Menurut Kapolres para terlapor disangkakan melanggar Pasal 81 ayat 2 Undang-Undang Nomor 17 Tahun 2016 tentang Penetapan Perppu Nomor 1 Tahun 2016 sebagai perubahan kedua atas Undang-Undang Nomor 23 Tahun 2002 tentang Perlindungan Anak, yang memberikan perlindungan hukum absolut terhadap anak dari segala bentuk kekerasan seksual. Penyidik juga mempertimbangkan penerapan ketentuan dalam KUHP Nasional (Undang-Undang Nomor 1 Tahun 2023) yaitu pasal 473 ayat 2 huruf b khususnya terkait tindak pidana persetubuhan terhadap anak yang dilakukan dengan memanfaatkan kondisi korban yang tidak berdaya atau tidak sadar, yang merupakan pelanggaran serius terhadap martabat kemanusiaan.
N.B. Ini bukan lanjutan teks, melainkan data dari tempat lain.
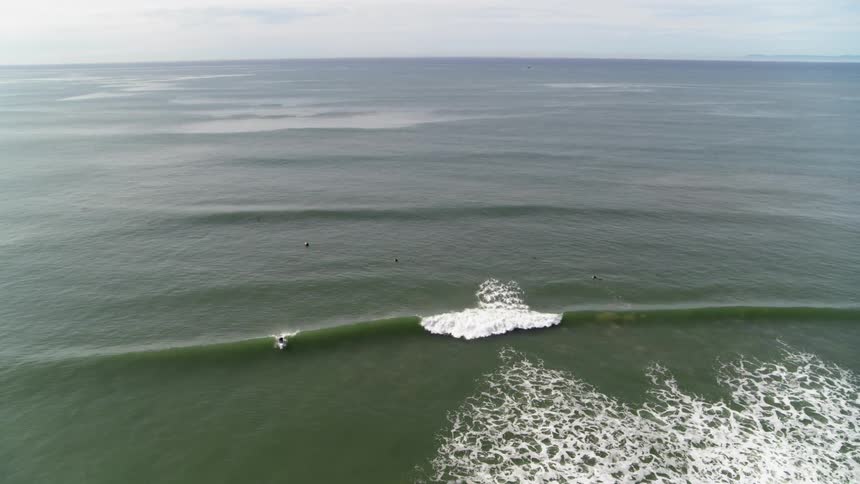 Waves roll and crash in the ocean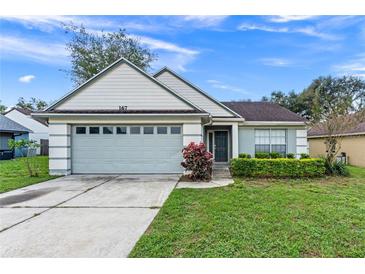 One-story house with attached garage, well-manicured lawn, and attractive landscaping at 167 N Cervidae Dr, Apopka, FL 32703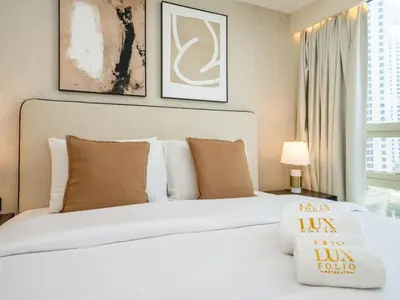 a bedroom with a large white bed with pillows at Stylish Upgraded 1 Bedroom Marina Escape in Dubai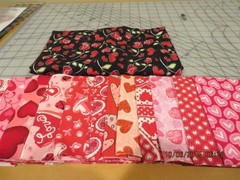 14 PIECES OF 21″ X 5″ F ABRIC PLUS ONE YARD OF FABRIC—-# T 7A-19
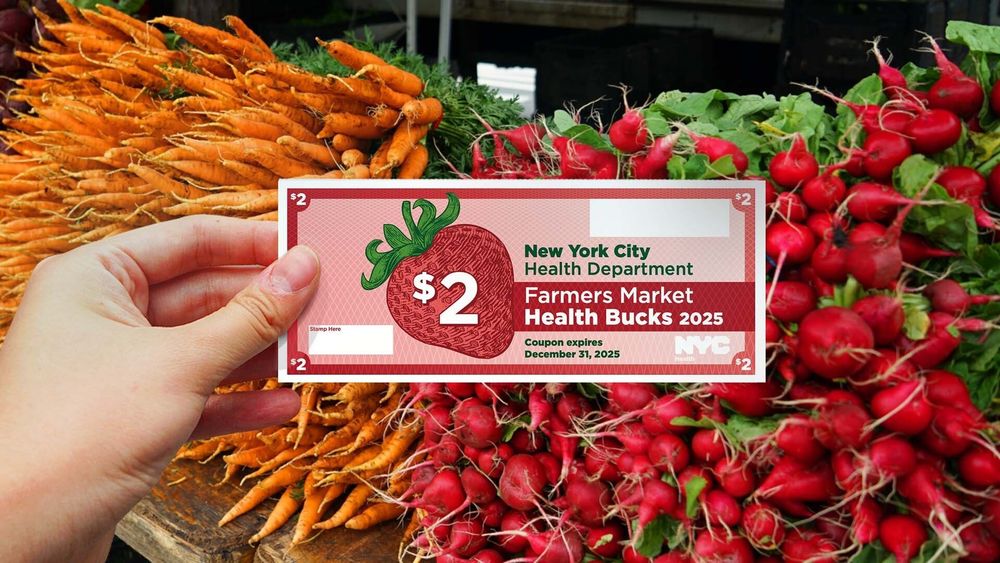 
A close-up photograph shows a hand holding a $2 New York City Health Department Farmers Market Health Bucks coupon against a vivid background of fresh produce.

The coupon features a prominent red strawberry graphic with "$2" written on it. The text on the coupon, which is white and red, reads: "New York City Health Department Farmers Market Health Bucks 2025" and "Coupon expires December 31, 2025."

The background is filled with bunches of bright orange carrots on the left and piles of red radishes with green tops on the right.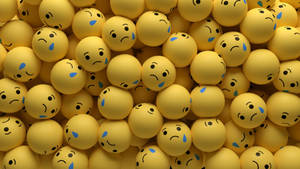 Sad Emoji Balls With Tear Drops Wallpaper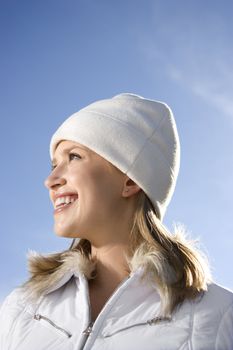 Portrait of a mid-adult Caucasian female with blue sky in background.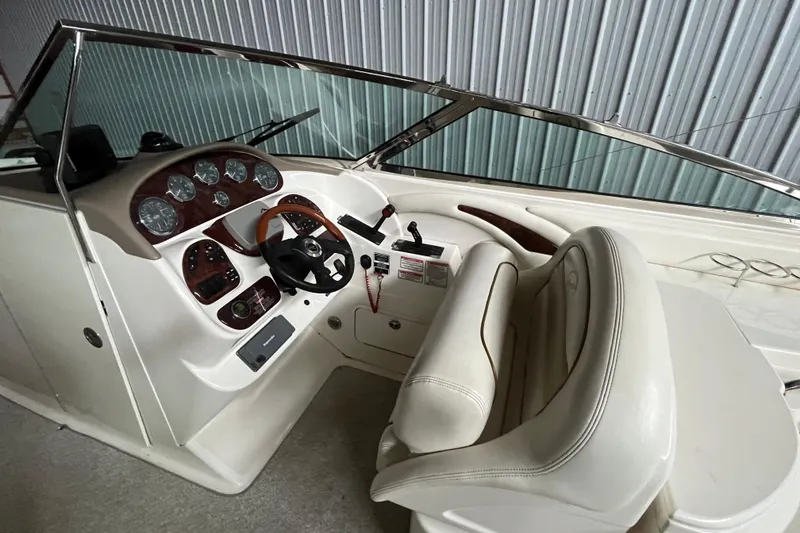 Slide: The Image of 2003 Sea Ray 290 Bowrider cockpit with steering wheel and instrument panel. - 15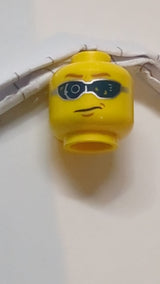 Minifigur, digitaler Kopf mit Brille, hellbraunen Augenbrauen und Grübchenmuster am Kinn gelb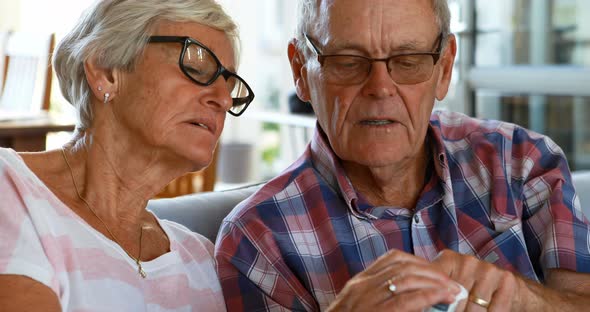 Senior couple discussing medication on sofa 4k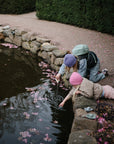 Two children play by a pond with mushie Bath Boats, wearing pastel hats and jackets.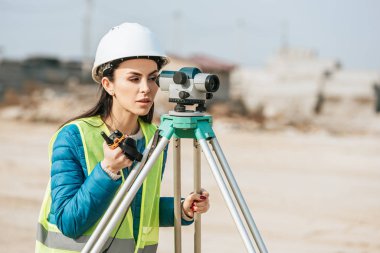 Female surveyor with radio set looking through digital level  clipart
Dirinya mengimbau kepada seluruh lapisan masyarakat untuk bersikap bijak dalam menerima dan menyebarkan informasi, khususnya melalui media sosial. Masyarakat diminta untuk menghormati privasi korban dan tidak menyebarkan identitas maupun informasi yang dapat memperburuk kondisi psikologis korban. Selain itu, Polres Belu mengajak para orang tua dan keluarga untuk meningkatkan pengawasan terhadap aktivitas anak-anak sebagai upaya pencegahan terhadap terjadinya tindak kekerasan dan kejahatan seksual.
“Kami menjamin bahwa proses hukum akan berjalan secara profesional dan tanpa pandang bulu. Kepentingan terbaik bagi korban adalah prioritas utama kami. Polres Belu hadir untuk memastikan hukum ditegakkan dan anak-anak mendapatkan perlindungan sebagaimana mestinya,” pungkasnya.